(Scraped caption text data)

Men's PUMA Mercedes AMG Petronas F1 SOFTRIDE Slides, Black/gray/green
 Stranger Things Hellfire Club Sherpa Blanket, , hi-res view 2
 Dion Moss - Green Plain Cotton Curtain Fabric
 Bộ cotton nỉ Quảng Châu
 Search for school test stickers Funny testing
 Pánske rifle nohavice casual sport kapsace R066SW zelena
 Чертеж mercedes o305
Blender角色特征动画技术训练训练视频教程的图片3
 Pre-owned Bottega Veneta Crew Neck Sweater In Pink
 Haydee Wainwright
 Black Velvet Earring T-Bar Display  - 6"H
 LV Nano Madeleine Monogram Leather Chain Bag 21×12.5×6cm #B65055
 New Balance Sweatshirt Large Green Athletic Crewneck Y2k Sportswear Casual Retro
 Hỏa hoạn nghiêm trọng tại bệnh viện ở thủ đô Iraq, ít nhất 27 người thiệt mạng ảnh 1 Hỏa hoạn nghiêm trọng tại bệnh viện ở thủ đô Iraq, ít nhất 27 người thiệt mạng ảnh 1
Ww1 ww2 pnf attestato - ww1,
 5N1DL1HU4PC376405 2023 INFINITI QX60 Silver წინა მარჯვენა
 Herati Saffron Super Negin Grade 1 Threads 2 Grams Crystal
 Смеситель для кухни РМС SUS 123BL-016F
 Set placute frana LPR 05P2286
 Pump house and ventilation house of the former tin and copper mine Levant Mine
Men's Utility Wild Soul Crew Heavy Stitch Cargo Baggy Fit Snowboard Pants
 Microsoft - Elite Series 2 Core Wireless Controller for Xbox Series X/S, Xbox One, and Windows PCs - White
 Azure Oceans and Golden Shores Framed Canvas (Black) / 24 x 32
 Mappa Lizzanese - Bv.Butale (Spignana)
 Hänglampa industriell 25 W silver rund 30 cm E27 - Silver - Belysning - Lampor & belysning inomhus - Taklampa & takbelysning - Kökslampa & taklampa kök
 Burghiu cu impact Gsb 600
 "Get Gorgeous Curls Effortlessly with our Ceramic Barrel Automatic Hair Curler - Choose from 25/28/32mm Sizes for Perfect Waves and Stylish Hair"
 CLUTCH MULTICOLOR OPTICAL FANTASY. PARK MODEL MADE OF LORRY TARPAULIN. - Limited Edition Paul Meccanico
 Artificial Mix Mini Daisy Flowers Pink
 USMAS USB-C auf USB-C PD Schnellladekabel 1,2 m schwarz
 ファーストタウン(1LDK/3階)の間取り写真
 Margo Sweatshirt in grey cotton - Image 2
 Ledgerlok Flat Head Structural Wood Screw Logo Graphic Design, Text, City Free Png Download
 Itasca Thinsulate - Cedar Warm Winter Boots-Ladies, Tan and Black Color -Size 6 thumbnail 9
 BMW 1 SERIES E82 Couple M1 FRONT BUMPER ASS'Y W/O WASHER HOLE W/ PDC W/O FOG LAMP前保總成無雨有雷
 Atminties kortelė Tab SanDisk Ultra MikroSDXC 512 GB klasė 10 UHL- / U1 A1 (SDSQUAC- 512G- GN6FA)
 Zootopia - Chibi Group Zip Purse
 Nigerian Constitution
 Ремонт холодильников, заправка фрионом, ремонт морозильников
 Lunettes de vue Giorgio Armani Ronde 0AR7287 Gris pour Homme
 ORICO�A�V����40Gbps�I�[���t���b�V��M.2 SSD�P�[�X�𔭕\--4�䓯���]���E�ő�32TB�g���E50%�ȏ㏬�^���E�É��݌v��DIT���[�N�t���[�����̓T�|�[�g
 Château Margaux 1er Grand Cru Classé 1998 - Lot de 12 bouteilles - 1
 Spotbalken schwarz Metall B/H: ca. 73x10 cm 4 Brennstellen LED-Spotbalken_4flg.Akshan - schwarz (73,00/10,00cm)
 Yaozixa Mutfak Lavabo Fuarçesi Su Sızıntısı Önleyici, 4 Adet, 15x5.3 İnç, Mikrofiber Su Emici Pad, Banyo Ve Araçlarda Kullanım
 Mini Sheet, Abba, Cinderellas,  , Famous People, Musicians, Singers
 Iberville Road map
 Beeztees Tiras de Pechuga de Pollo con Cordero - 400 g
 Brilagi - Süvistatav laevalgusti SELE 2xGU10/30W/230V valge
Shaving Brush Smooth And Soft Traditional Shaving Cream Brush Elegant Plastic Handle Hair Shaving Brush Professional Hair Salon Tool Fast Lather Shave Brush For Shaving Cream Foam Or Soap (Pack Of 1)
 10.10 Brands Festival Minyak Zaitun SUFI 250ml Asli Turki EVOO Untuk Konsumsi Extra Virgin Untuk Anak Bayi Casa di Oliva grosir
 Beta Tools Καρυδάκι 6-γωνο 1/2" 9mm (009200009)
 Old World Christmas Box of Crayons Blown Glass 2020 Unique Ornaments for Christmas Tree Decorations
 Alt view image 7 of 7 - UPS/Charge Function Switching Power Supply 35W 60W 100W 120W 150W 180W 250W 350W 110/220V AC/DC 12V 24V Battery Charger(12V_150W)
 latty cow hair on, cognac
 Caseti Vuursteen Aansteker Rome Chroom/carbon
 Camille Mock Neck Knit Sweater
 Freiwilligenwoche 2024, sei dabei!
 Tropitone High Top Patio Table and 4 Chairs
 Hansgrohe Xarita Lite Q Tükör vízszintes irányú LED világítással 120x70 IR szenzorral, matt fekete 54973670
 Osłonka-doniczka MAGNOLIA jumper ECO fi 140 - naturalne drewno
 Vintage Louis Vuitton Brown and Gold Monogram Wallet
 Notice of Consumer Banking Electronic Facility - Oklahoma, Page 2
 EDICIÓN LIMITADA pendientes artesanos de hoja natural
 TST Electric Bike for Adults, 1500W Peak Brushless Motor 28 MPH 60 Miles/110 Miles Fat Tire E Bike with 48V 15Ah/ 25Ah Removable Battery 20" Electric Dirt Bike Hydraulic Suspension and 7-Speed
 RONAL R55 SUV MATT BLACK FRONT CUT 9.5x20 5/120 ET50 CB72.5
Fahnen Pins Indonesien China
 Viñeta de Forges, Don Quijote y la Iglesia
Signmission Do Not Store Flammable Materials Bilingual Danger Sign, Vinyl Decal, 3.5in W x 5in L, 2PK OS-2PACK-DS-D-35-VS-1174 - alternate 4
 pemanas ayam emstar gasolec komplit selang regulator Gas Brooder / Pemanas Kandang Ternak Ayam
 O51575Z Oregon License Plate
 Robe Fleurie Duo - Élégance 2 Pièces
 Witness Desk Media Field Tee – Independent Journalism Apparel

WHAT THE TASK REQUIRES: The expected answer is a copy of every line in the entries that holds the word "Silver".

ANSWER TO THIS EXERCISE:
 5N1DL1HU4PC376405 2023 INFINITI QX60 Silver წინა მარჯვენა
 Hänglampa industriell 25 W silver rund 30 cm E27 - Silver - Belysning - Lampor & belysning inomhus - Taklampa & takbelysning - Kökslampa & taklampa kök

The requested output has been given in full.